3

I am using pycurl to connect to the twitter streaming API.

This works well but sometimes after running for a few hours it will stop hang indefinitely, not throwing any exceptions. How can I detect/handle a hang in this script?

import pycurl, json

STREAM_URL = "http://stream.twitter.com/1/statuses/filter.json"

USER = "presidentskroob"
PASS = "12345"

def on_receive(data):
  print data

conn = pycurl.Curl()
conn.setopt(pycurl.USERPWD, "%s:%s" % (USER, PASS))
conn.setopt(pycurl.URL, STREAM_URL)
conn.setopt(pycurl.WRITEFUNCTION, on_receive)
conn.perform()
ʞɔıu
  • 47,148
  • 35
  • 106
  • 149

4 Answers4

4

FROM: http://man-wiki.net/index.php/3:curl_easy_setopt

CURLOPT_LOW_SPEED_LIMIT - Pass a long as parameter. It contains the transfer speed in bytes per second that the transfer should be below during CURLOPT_LOW_SPEED_TIME seconds for the library to consider it too slow and abort.

and

CURLOPT_LOW_SPEED_TIME - Pass a long as parameter. It contains the time in seconds that the transfer should be below the CURLOPT_LOW_SPEED_LIMIT for the library to consider it too slow and abort.


Example:

conn.setopt(pycurl.LOW_SPEED_LIMIT, 1)
conn.setopt(pycurl.LOW_SPEED_TIME, 90)
slayton
  • 20,123
  • 10
  • 60
  • 89
the Internet
  • 98
  • 1
  • 1
  • 7
1

The curl switch --speed-limit allows you to have curl return an error if the transfer speed dips below a given threshold for a given length of time. Unfortunately, the speed threshold cannot be set to values less than one, and the ideal value for the Twitter Streaming API would be 1/30 since it sends a single character every 30 seconds for its keep alive. The best you can do is used a threshold of 1 Bps, but then curl will give up whenever there is a period of inactivity (no tweets) longer than the duration you select. The command below will give up if there is a 30 second period during which it receives less than 30 bytes.

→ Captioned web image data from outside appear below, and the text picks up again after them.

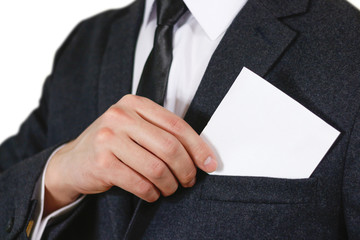 Businessman putting paper in suit pocket closeup. Showing blank flyer brochure booklet. Pamphlet hold hands. Show clear offset paper. Sheet template. Man in a black suit, white shirt and tie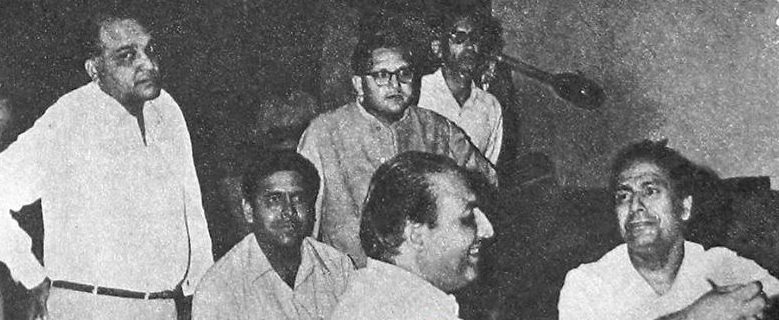 Mohd Rafi rehearsaling a song with Shankar & others in the recording studio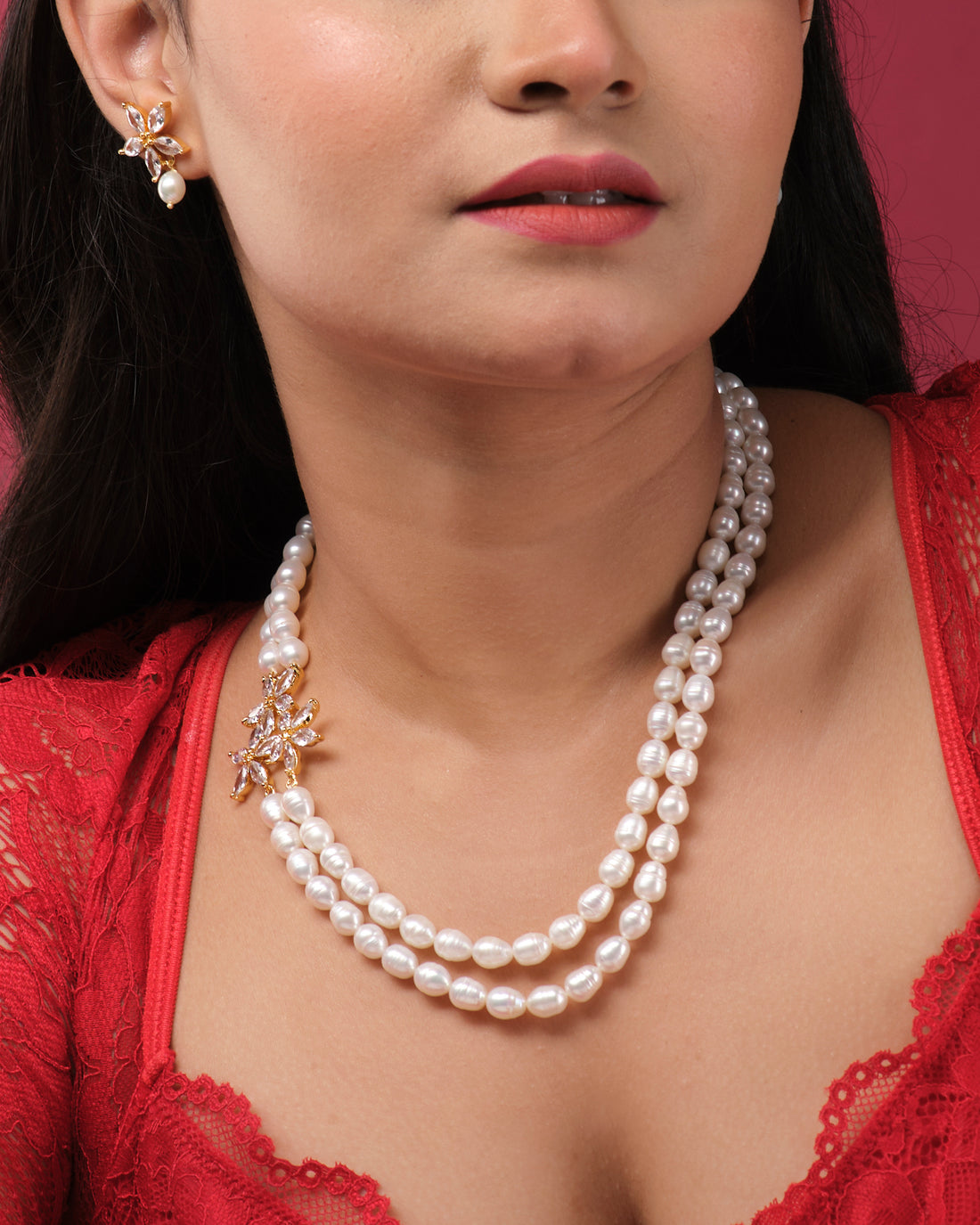 The Floral Pearl Necklace Set by Chandrani Pearls India features a double-stranded pearl necklace with a gold floral brooch and matching pearl and gold earrings, all displayed elegantly on a white stand.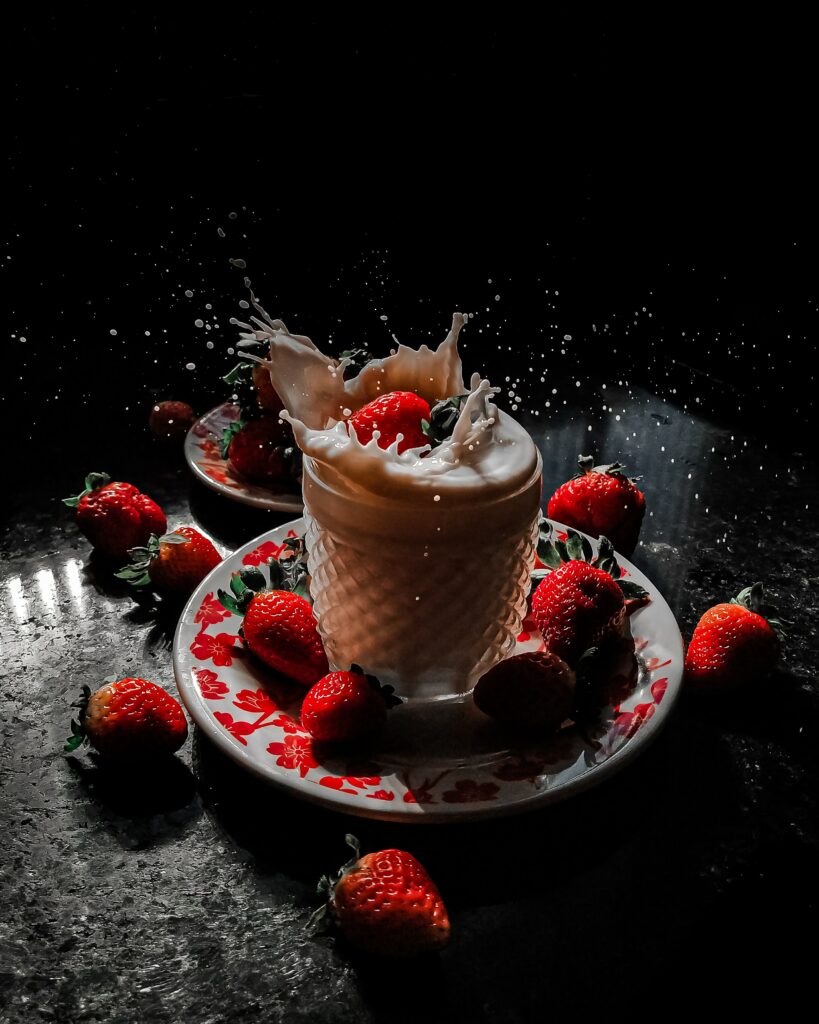 Vibrant Strawberry Splash with Milk: Artistic Dark Wallpaper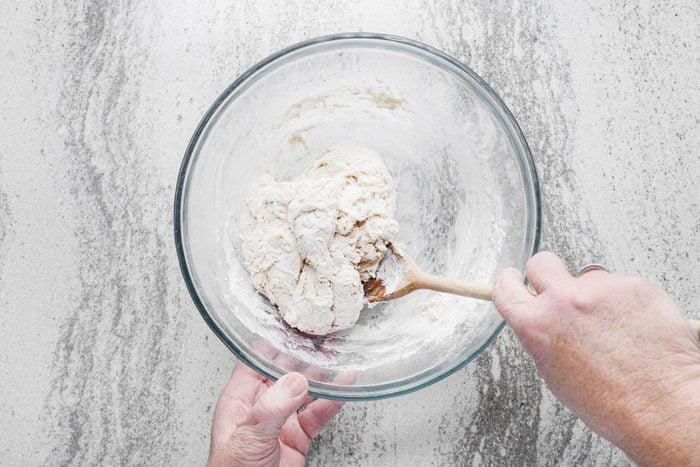 Preparing the dough in a large bowl using a wooden spatula
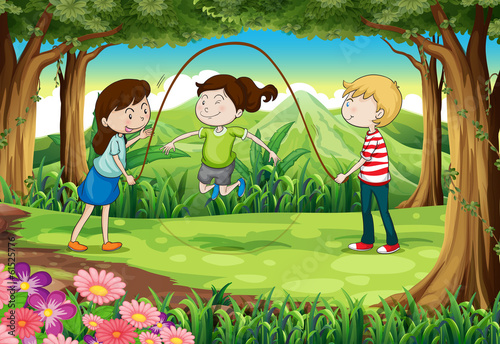 Three kids playing with a rope in the middle of the forest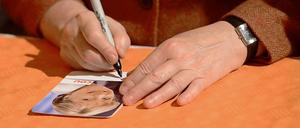 Was ist die Handschrift der CDU? Angela Merkel unterschreibt Autogrammkarten.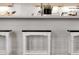 Kitchen island with white wooden stools and white countertop, offering a clean and stylish look at 508 W San Angelo St, Gilbert, AZ 85233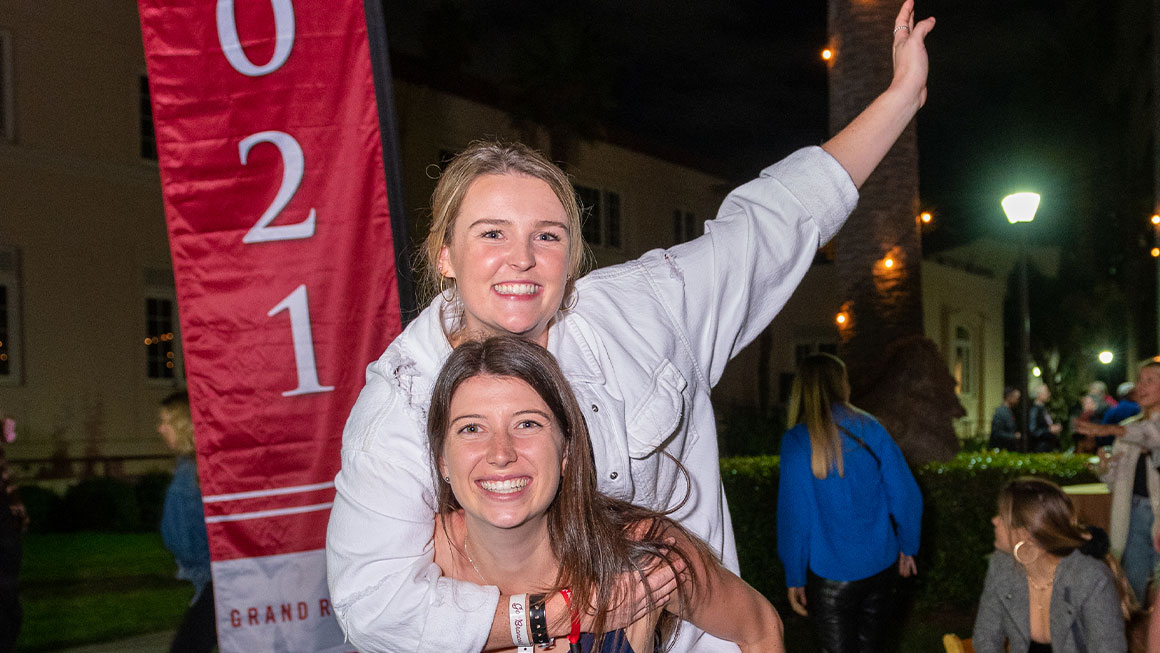 Two women cheering in front of a banner that reads Class of 2021 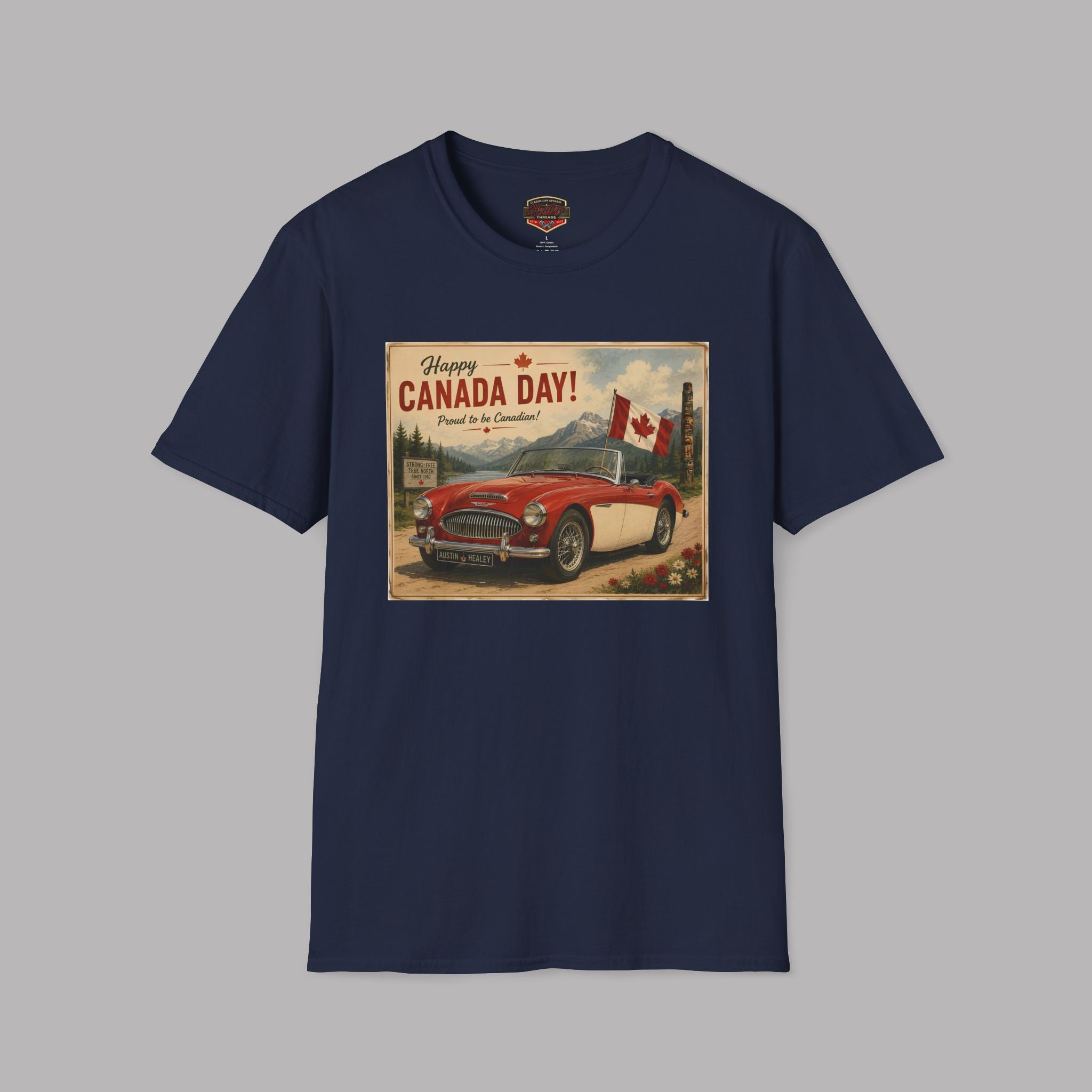 A navy blue short-sleeve crewneck t-shirt featuring a vintage-style 'Happy Canada Day!' graphic print on the front, showing a red car and Canadian flags, displayed against a solid gray background.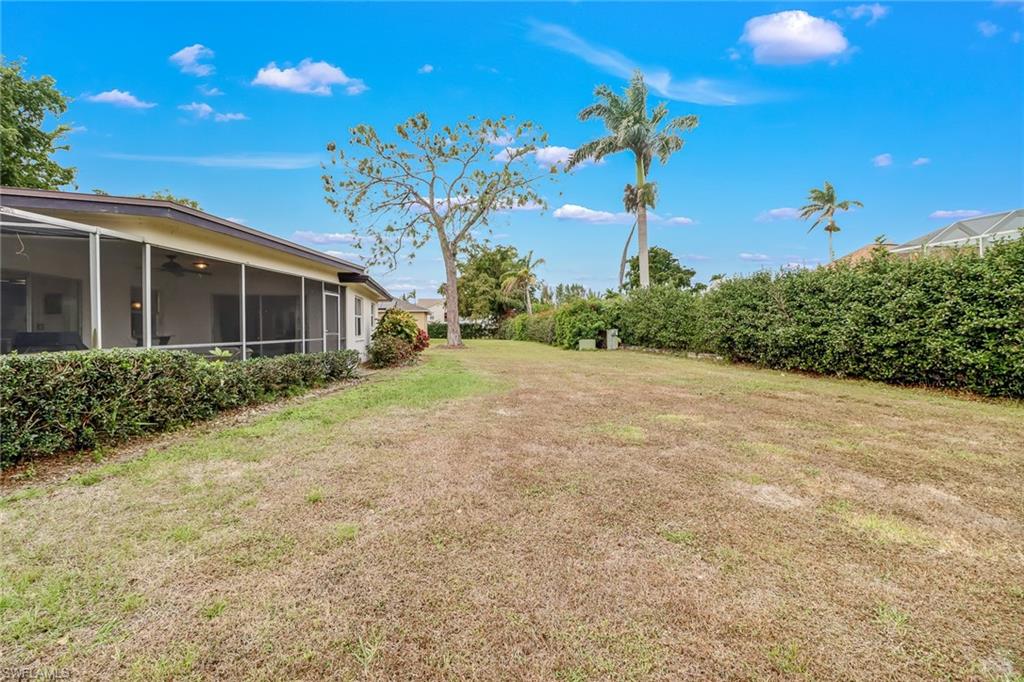 355 Valley Stream Circle Naples, FL 34113 - Photo 24 of 31 a front view of a house with a yard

curl -d @filter.txt https://stream.twitter.com/1/statuses/filter.json -uTwitterLogin:TwitterPassword --speed-time 30 --speed-limit 1

To summarize: no satisfactory solution using just the options in of curl.

Clark
  • 890
  • 8
  • 20
  • you could use `--libcurl` option to generate C code that corresponds to given command-lien options. It should be simple to port it to Python with pycurl. – jfs Dec 03 '11 at 07:31
0

You can use the timeout settings:

 conn.setopt(pycurl.CONNECTTIMEOUT, 15) 
 conn.setopt(pycurl.TIMEOUT, 25) 

You'll get a pycurl.error exception if curl times out.

SteveMc
  • 1,386
  • 8
  • 11
  • I'm afraid you don't understand the Twitter streaming API. The request is being made and stays open for hours. – gnur Feb 11 '11 at 15:22
0

I have a premonition that this could be related to "tcp broken pipe" scenario. I.e. the other peer at some moment closes the connection, but our peer somehow ignores the event. You will need to use some kind of keep-alives to deel with this.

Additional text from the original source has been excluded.